Stoking these concerns is a group called "Pro Point Loma." PPL's chief issues are that the introduction of night games will create light pollution, air pollution, parking congestion, and traffic hazards that will unduly burden their small corner of the peninsula. To garner support, the organization has launched a website, set up a Twitter feed, and reportedly hired a PR firm to promote their position.
For the past several weeks, dozens of Pro Point Loma's blue "Save Our Neighborhood" signs have appeared on neighborhood lawns, promoting the group's website and rallying support.
These are not to be confused with the maroon-colored "Support our Neighborhood" signs meted out by another group calling itself "Progress for PLHS." These yard signs sport the school colors, indicating at least a few households are, as one resident says, "fans of Friday Night Lights," who wish to see all scheduled campus upgrades proceed.
Point Loma resident and Progress for PLHS representative Elaine Burrell claims the organization has distributed 100 signs within the past two weeks — without professional PR assistance — and fielded orders for more. The group has also given out a "factual flier" intended to counter some of Pro Point Loma's claims.

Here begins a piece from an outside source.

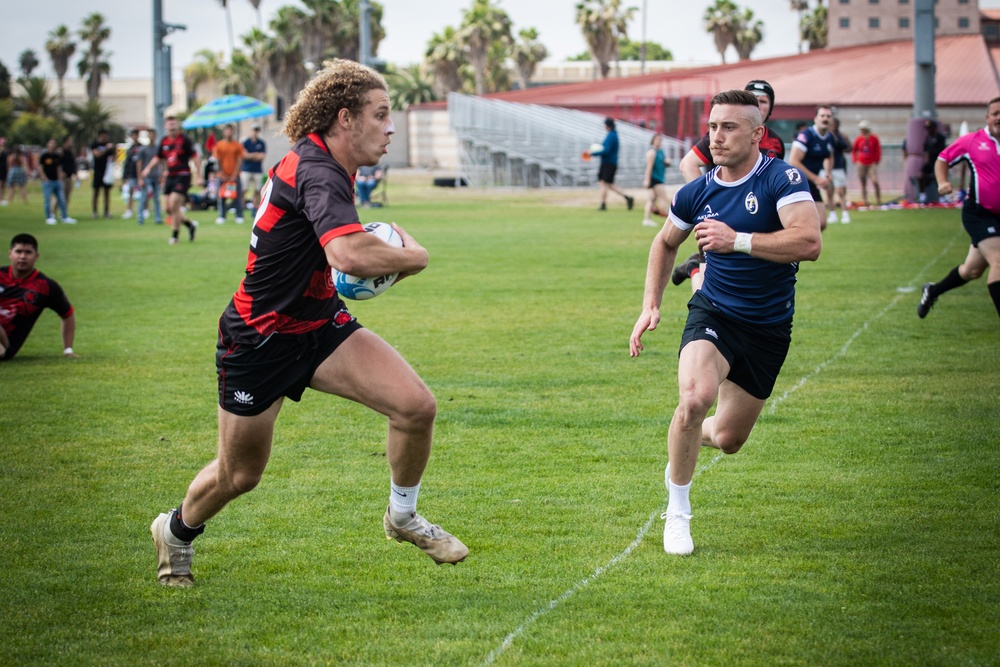 All-Navy Men's Rugby Team West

For example, the home page of the PPL website suggests the school district will hire out the venue for private events, likening the impact to their neighborhood to that of the Gaslamp during a concert at Petco Park. Meanwhile, the PPLHS flier states, "There is no evidence or record of a plan to hold rock concerts at the PLHS field."
So, who should Pointers believe? The school board claims any night events will be restricted to high school athletics, limited to 19 per year. As to how heavily these events will weigh on the community, it remains to be seen, as a thorough environmental impact report won't be ready until mid-November.

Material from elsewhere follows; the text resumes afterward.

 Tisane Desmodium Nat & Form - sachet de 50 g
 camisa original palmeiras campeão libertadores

Which brings up an important point: little has technically been decided yet. While the red sign vs. blue sign debate rages on, the stadium expansion's planning process is just getting started. Supporters from each side have been invited to take part in a scheduled series of community planning events involving school-board members, PLHS officials, and the architects designing the particulars of the expansion. If nothing else, the yard signs have done a great job promoting these events.
According to San Diego Unified trustee Scott Barnett, around 200 residents attended such a meeting held on September 18. He says he personally met with many of the concerned residents to assure them the school board will make efforts to reduce any inconvenience, including directional technologies to reduce light and noise pollution caused by the stadium's new equipment. He says the chief reason for lighting the field is to give students a few more hours of practice time during limited after-school hours, especially when Daylight Savings time ends in early November.
In the meantime, while the neighborhood remains free of light pollution, yard pollution appears to be a growing problem. Other signs spotted in the neighborhood included those promoting various security companies, house painters, and real estate agents, positioned on lawns alongside Chargers logos and Halloween decorations. While this fight for neighborhood values may ultimately force concessions from both sides, red and blue, Point Loma residents can apparently agree on one thing: other political yard signs show them to be overwhelmingly in favor their own district's councilman for mayor.
Nobody from Pro Point Loma responded to requests for comment.